#### [YOUR GOAL]
An exact repeat is needed of the lines from the one with "Last 7 Days Graph of Jaxula Vitur" through the last line of the data below. Please omit the pictures.

#### [RECORDS FOR THE TASK]
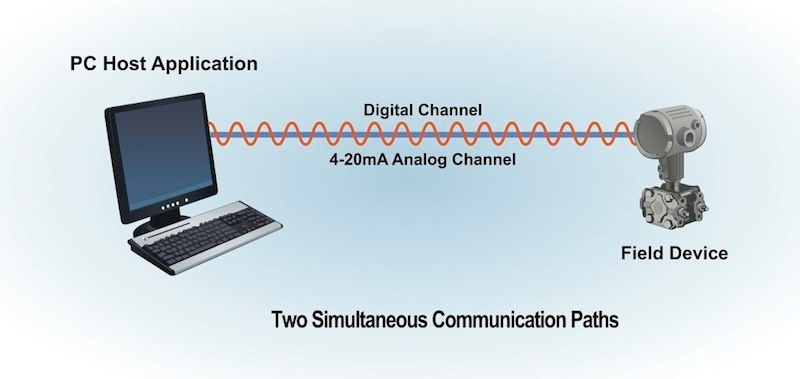 One of the strengths of HART is its two simultaneous communication channels — 4-20 mA channel and digital channel. Diagram courtesy: HART Communication Foundation
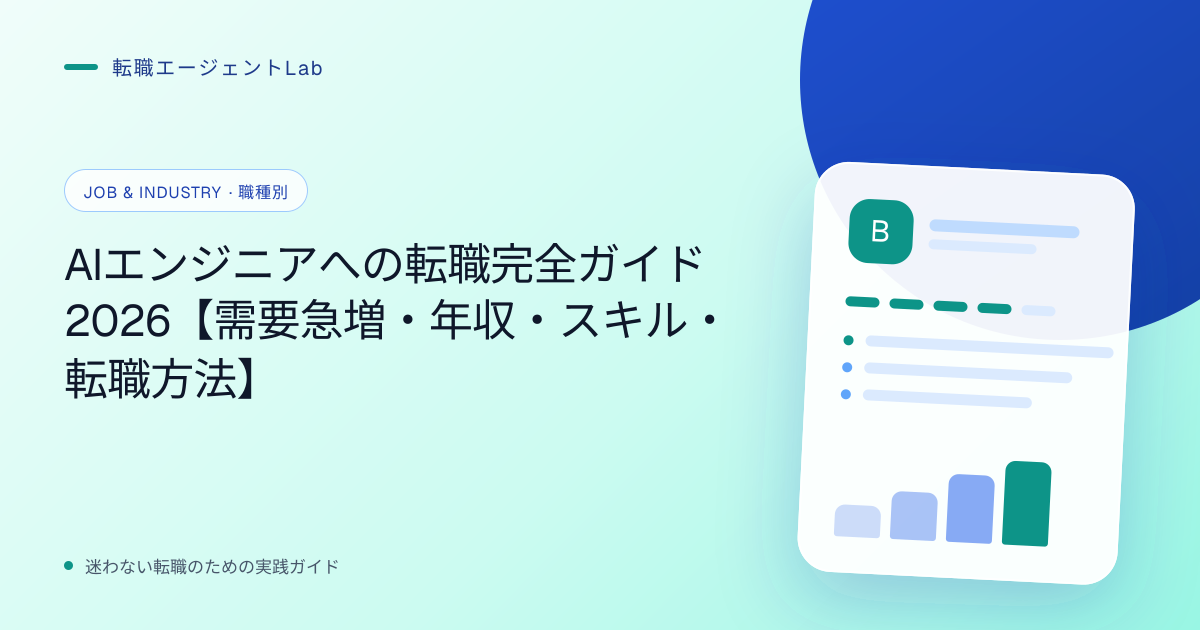 AIエンジニアへの転職完全ガイド2026【需要急増・年収・スキル・転職方法】のサムネイル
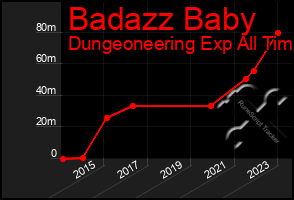 Total Graph of Badazz Baby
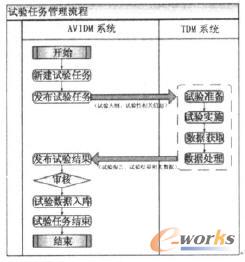 AVIDM�cTDM���ɺ��ˆT��������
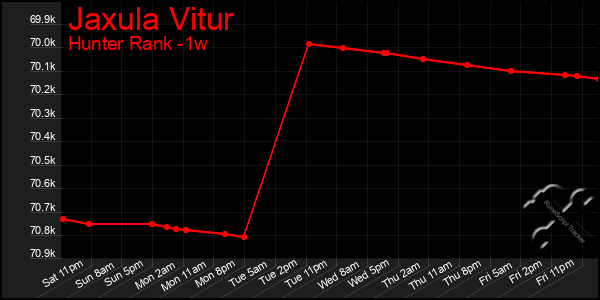 Last 7 Days Graph of Jaxula Vitur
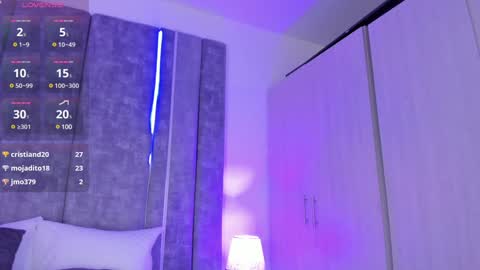 Snapshot of amberrferreira chatting on 01/26/25, 03:36 Amber Ferreira online show from 01/26/25, 03:36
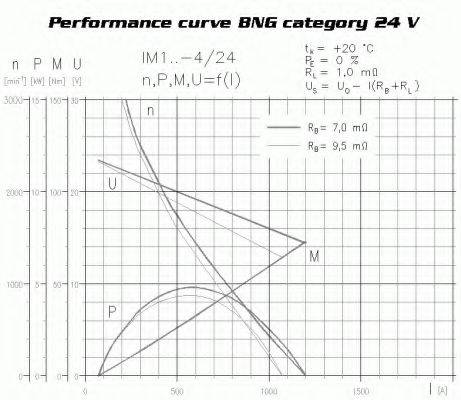 STEYR 614 09 0022 Стартер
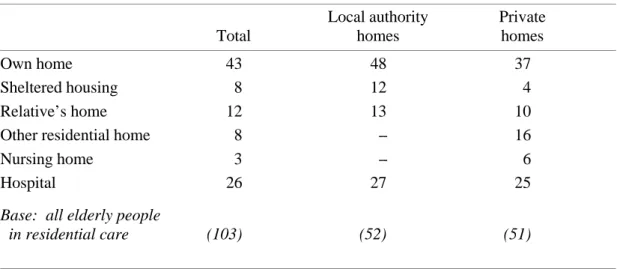 Table 8.2 Where elderly people living immediately before admission to residential care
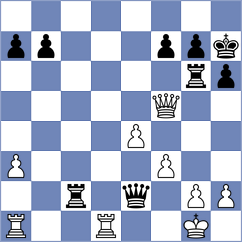 Arabidze - Novik (chess.com INT, 2024)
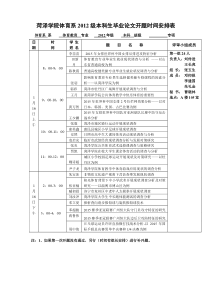 2012级本科生毕业论文开题时间安排表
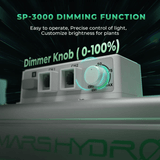 Mars Hydro SP 3000 300W Full Spectrum Grow Room LED Grow Light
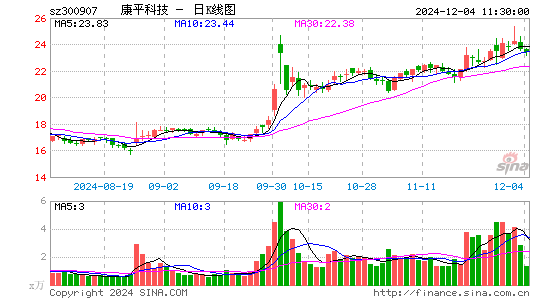 康平科技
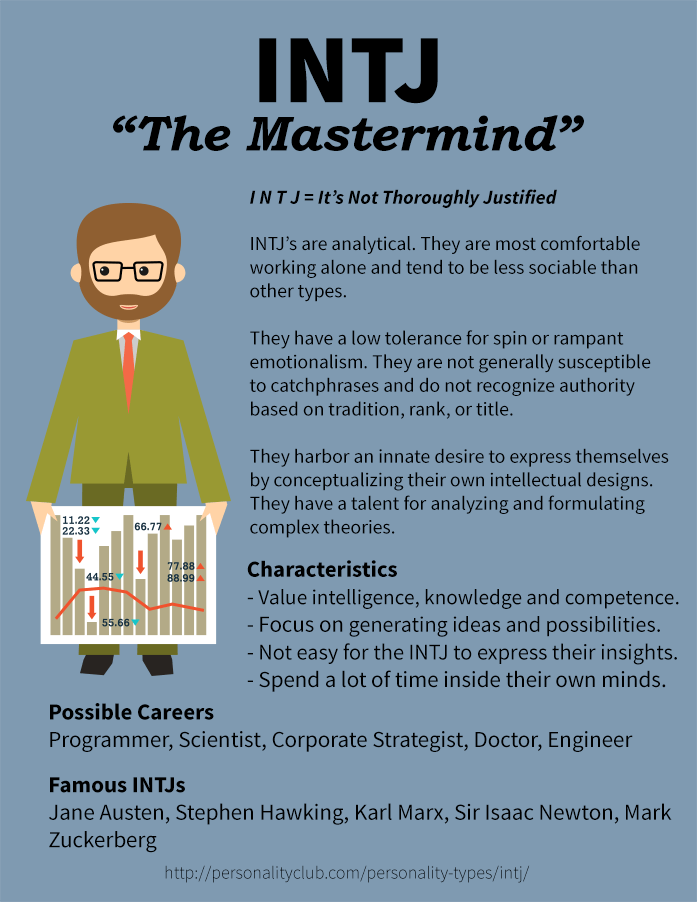 Profile of INTJ Personality - The Mastermind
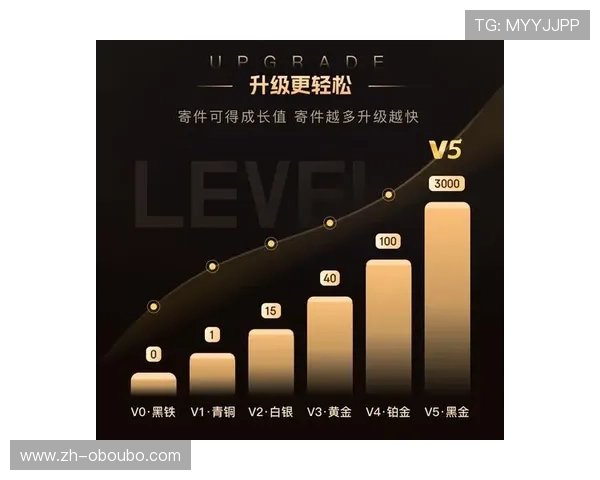 一步步教你欧博会员开户流程，快速完成注册享受专属福利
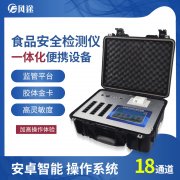 大膽預測！食品快檢行業(yè)未來的發(fā)展趨勢！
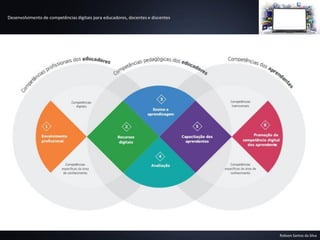 Desenvolvimento de competências digitais para educadores, docentes e discentes
Robson Santos da Silva
 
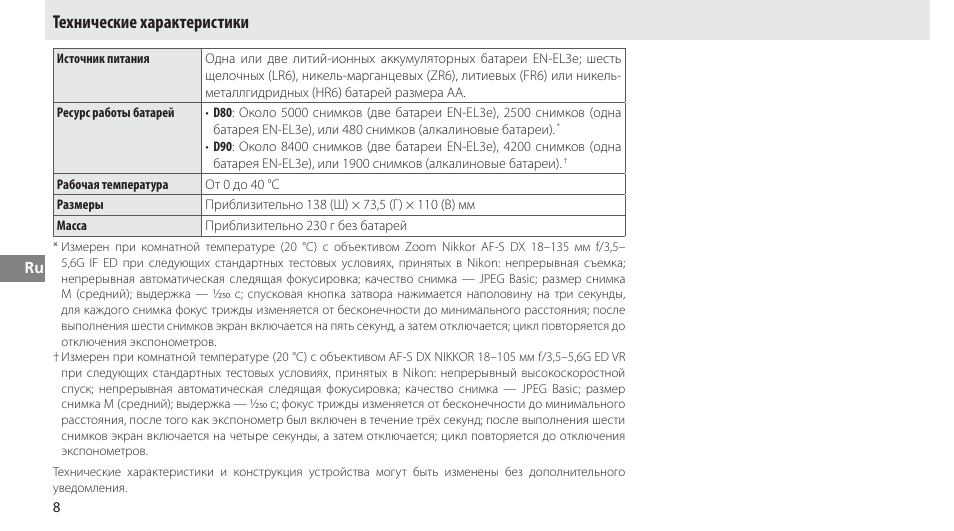 Технические характеристики | Nikon MB-D80 User Manual | Page 71 / 138
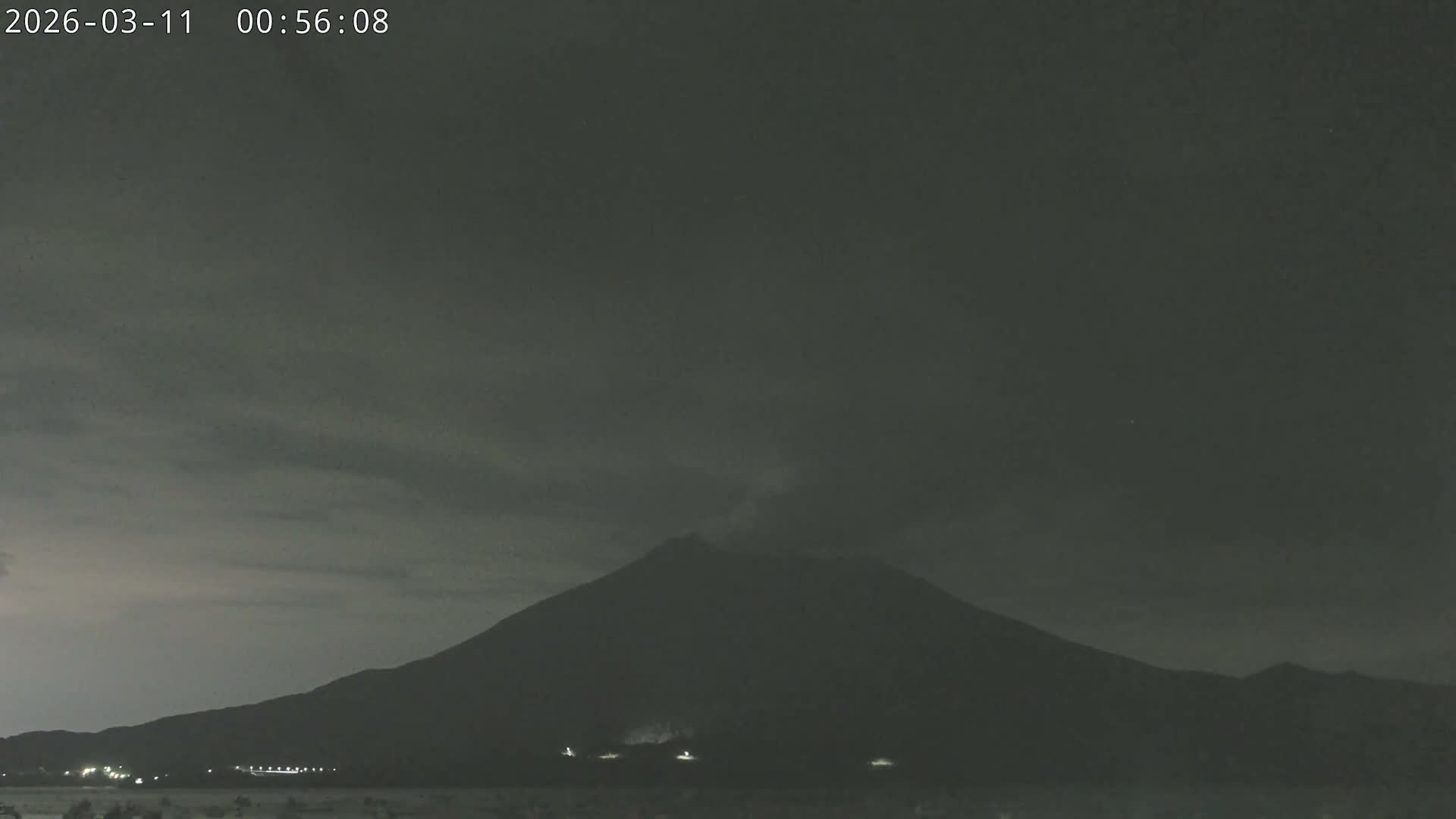 Tarumizu, Kaigata Fishing Port & Sakurajima Living Volcano View ( 垂水・貝潟漁港＆桜島リビングボルケーノビュー )  Live Cam - Kaigata, Tarumizu, Kagoshima Prefecture, Kyushu, Japan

#### [EXPECTED OUTPUT]
 Last 7 Days Graph of Jaxula Vitur
 Snapshot of amberrferreira chatting on 01/26/25, 03:36 Amber Ferreira online show from 01/26/25, 03:36
 STEYR 614 09 0022 Стартер
 Table 8.2 Where elderly people living immediately before admission to residential care
 Arabidze - Novik (chess.com INT, 2024)
 2012级本科生毕业论文开题时间安排表
 Mars Hydro SP 3000 300W Full Spectrum Grow Room LED Grow Light
 康平科技
 Profile of INTJ Personality - The Mastermind
 一步步教你欧博会员开户流程，快速完成注册享受专属福利
 大膽預測！食品快檢行業(yè)未來的發(fā)展趨勢！
 Desenvolvimento de competências digitais para educadores, docentes e discentes
Robson Santos da Silva
 
 Технические характеристики | Nikon MB-D80 User Manual | Page 71 / 138
 Tarumizu, Kaigata Fishing Port & Sakurajima Living Volcano View ( 垂水・貝潟漁港＆桜島リビングボルケーノビュー )  Live Cam - Kaigata, Tarumizu, Kagoshima Prefecture, Kyushu, Japan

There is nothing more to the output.